I recently have conducted an experiment in which I’ve been extra particular about whose birthdays I celebrate on Facebook. It’s a terribly conducted experiment, though. It’s not like I’ve been logging data or anything, and I’ve still been leaving a great many wall posts of (attempted) distinct greetings. Alright, maybe it’s more of a Gedankenexperiment except with much more activity with a lot of thought about it, but if that were the case, maybe it’s not really a Gedankenexperiemnt.

So I’ve recently been really neurotic about celebrating birthdays on Facebook. In a golden era before our own, we used to keep track of the birthdays of family and close friends and maybe that one girl who pins a dollar to her shirt every year with the expectation that random strangers would add to her money chain even though she’s getting a little too old for that sort of thing. But with the proliferation of our digital lives into our physical lives, so has the expectation that everyone will add a few little characters of joy onto the billboards that encompass our beings.Some have decried the insincerity of this cultural development and have worked diligently to debunk it. Yet most of us probably try to be as equitable as possible with our economy of words. Some may leave a post up on every wall they encounter, fighting off the nag that someone out there has a birthday and there’s wall space left unclaimed. Some folks don’t say anything at all, leaving such personal matters to personal rapport– phone calls, lunches and the like.

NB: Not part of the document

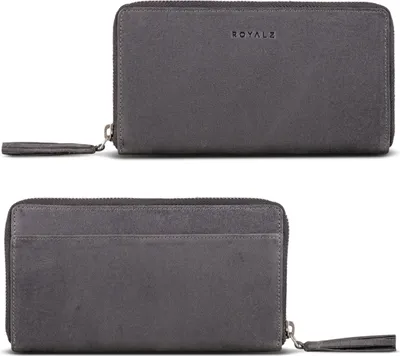 Produktbild von ROYALZ "Helena" Vintage Leder Portemonnaie Damen groß Reißverschluss viele Fächer Geldbörse Damen RFID Schutz Geldbeutel Frauen Leder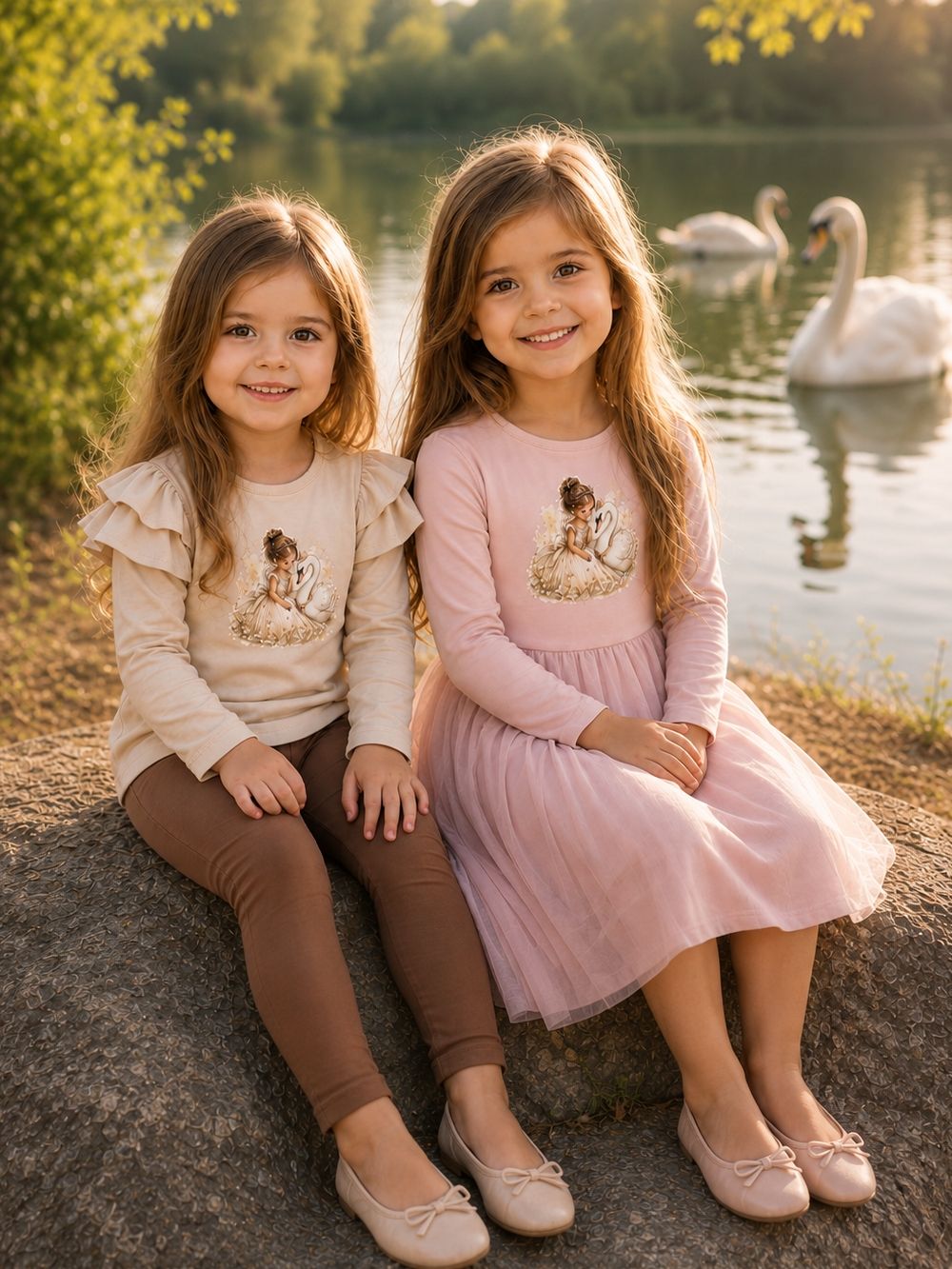Dívčí tričko  SWAN and PRINCESS s dlouhým rukávem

Somewhere in the middle of all this lies me– the guy who thinks just a little bit too much about when was the last time I talked with this person or if this birthday greeting is the opening I need to start having regular conversations one or two “Anthony likes your activity” notifications down the line. I question if my words are distinct enough and whether or not I’m recycling jokes (if my words mean something, shouldn’t they always try to be special?). No mere “Happy birthday!” will do, oh no. This is a time for festivity and distinctiveness, on the public forum that is a Facebook wall, no less. These aren’t just memories; these are time stamped. These are noted and archived and stashed away somewhere so Mark Zuckerberg can keep my salutations on a server far away and later sell my wit to advertisers who seem to know absolutely everything and absolutely nothing about me all at the same time.

Still, there’s always those creeping thoughts in the back of my mind, Did I leave her out? We haven’t spoken in a while but I still should wish her a happy birthday. Does it look bad if I forget about him? Then of course, there’s the realization that maybe all of this doesn’t really matter. In a time in which words are made so flippantly, my two minutes of thought (probably ten times as much time spent than most who leave birthday greetings) is but a mere, unnoticed drop in the bucket that is the wall of some random person on the internet, intimately known to me or not.

So if I miss you, maybe I meant it or maybe I didn’t. Either way, know I’m pretty torn up about it.